PROBLEM STATEMENT » Copy out, unchanged, the entries below from the "Central Connecticut State" line to the final line. Omit pictures.
################
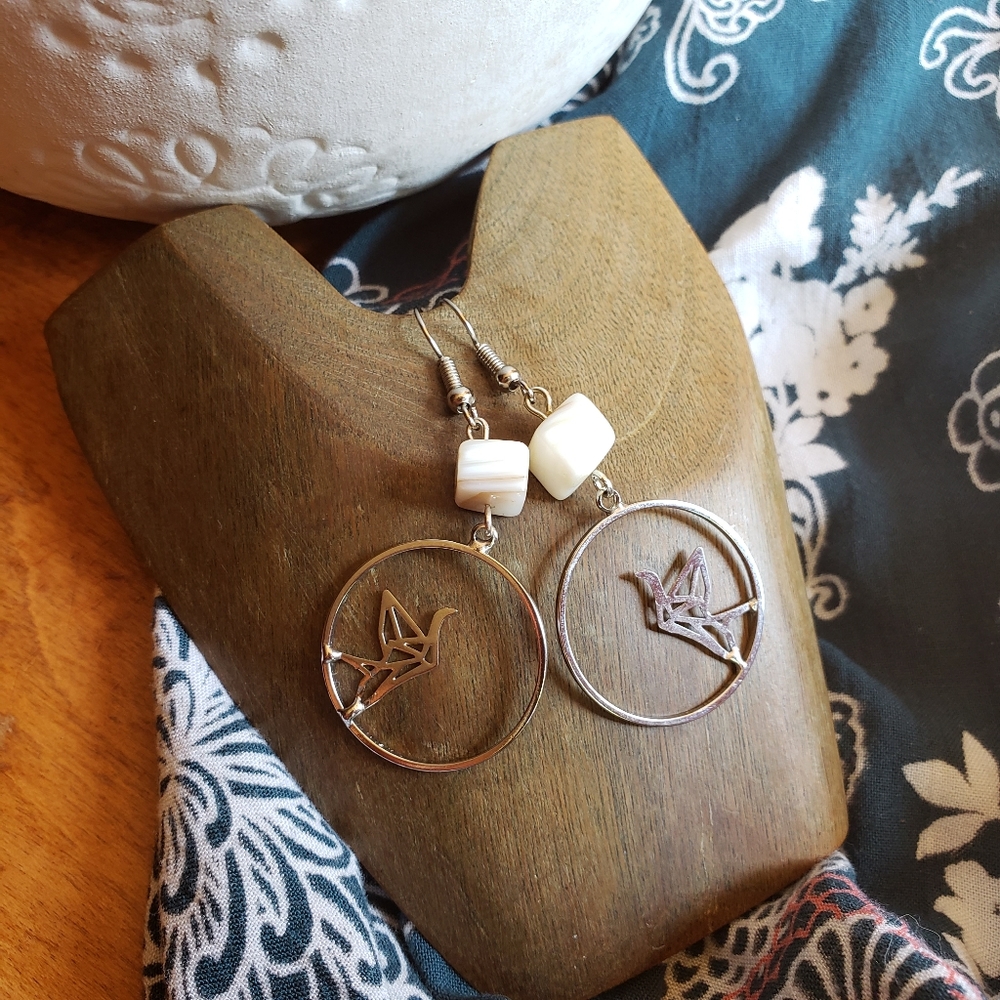 Handmade Japanese Origami Crane Round Earrings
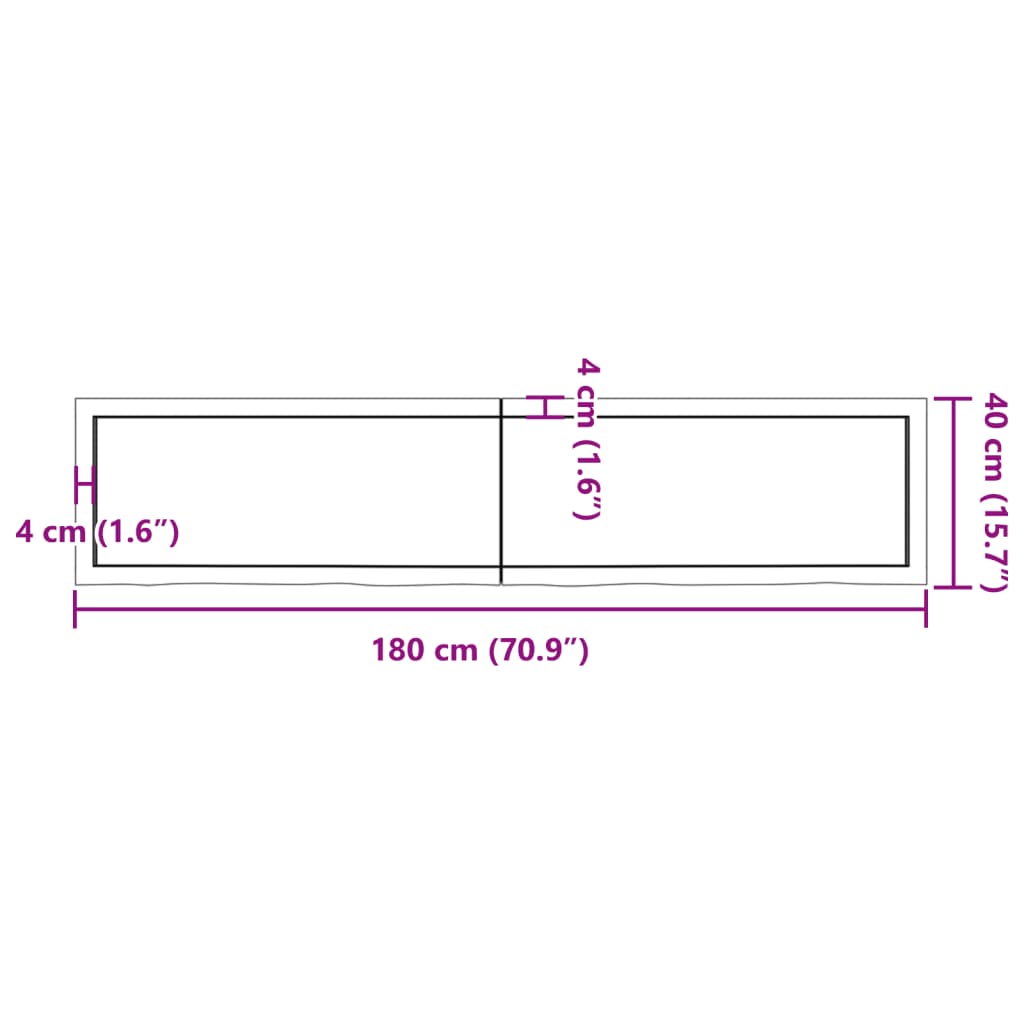 vidaXL Waschtischplatte 180x40x(2-6) cm Massivholz Unbehandelt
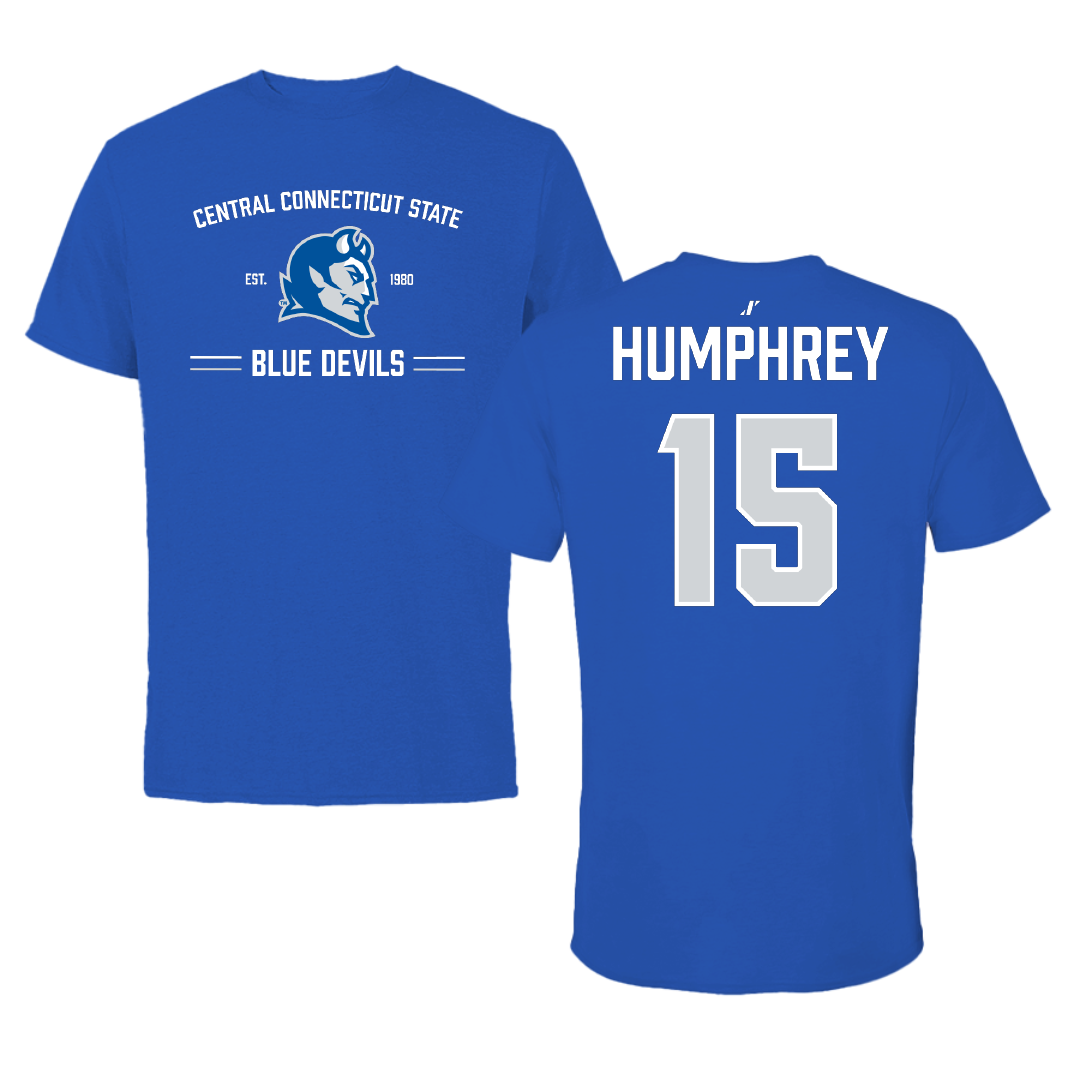 Central Connecticut State University Baseball Blue General Tee - #15 Tony Humphrey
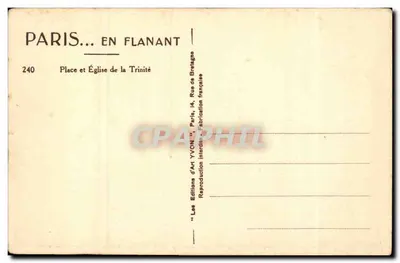 Place de la Trinité — Katedra Trójcy Świętej — Éditions d'Art YVON — Rewers
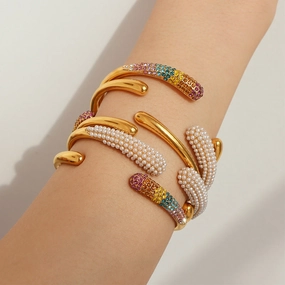 Wholesale Colored Diamond Titanium Steel Gold-plated Bracelets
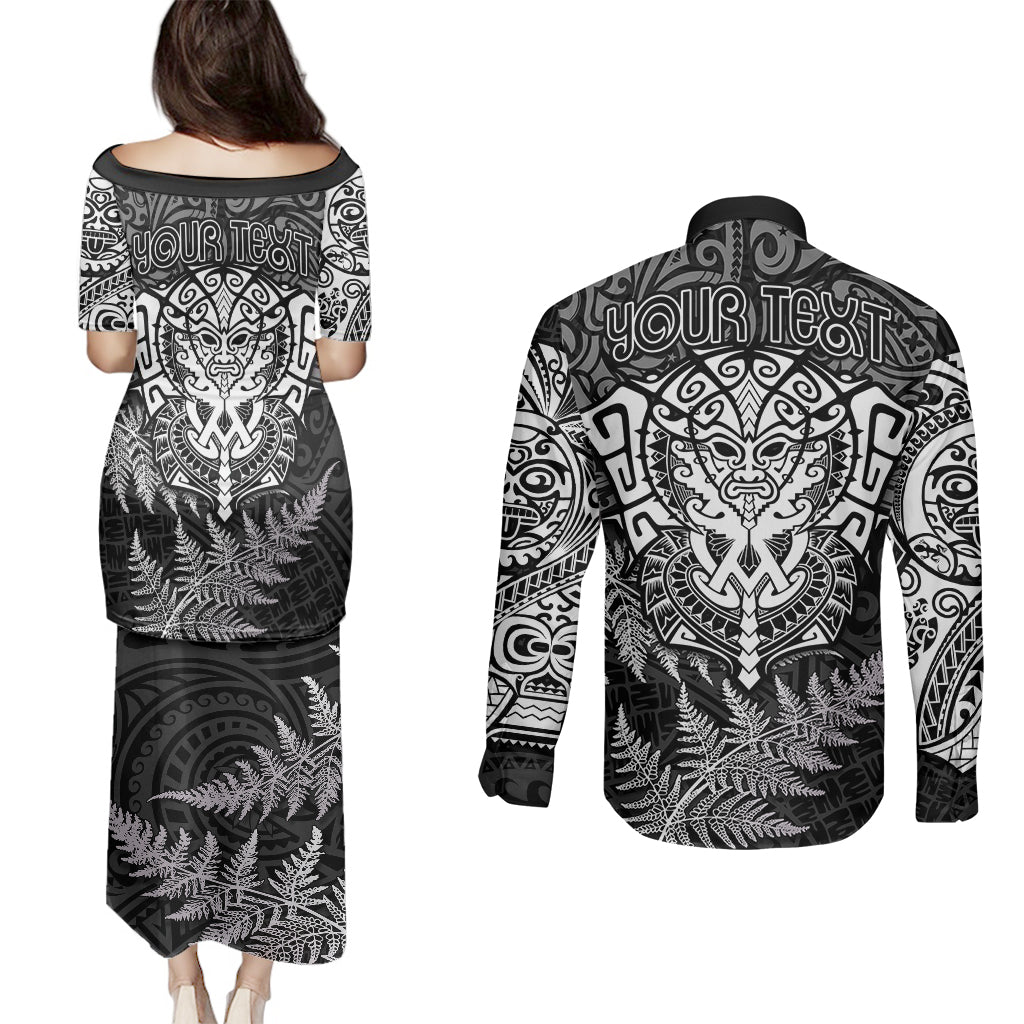 personalised-new-zealand-rugby-couples-matching-puletasi-dress-and-long-sleeve-button-shirts-silver-fern-all-black-mix-ta-moko-white-style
################
EXERCISE SOLUTION »
 Central Connecticut State University Baseball Blue General Tee - #15 Tony Humphrey
 Place de la Trinité — Katedra Trójcy Świętej — Éditions d'Art YVON — Rewers
 Wholesale Colored Diamond Titanium Steel Gold-plated Bracelets
 personalised-new-zealand-rugby-couples-matching-puletasi-dress-and-long-sleeve-button-shirts-silver-fern-all-black-mix-ta-moko-white-style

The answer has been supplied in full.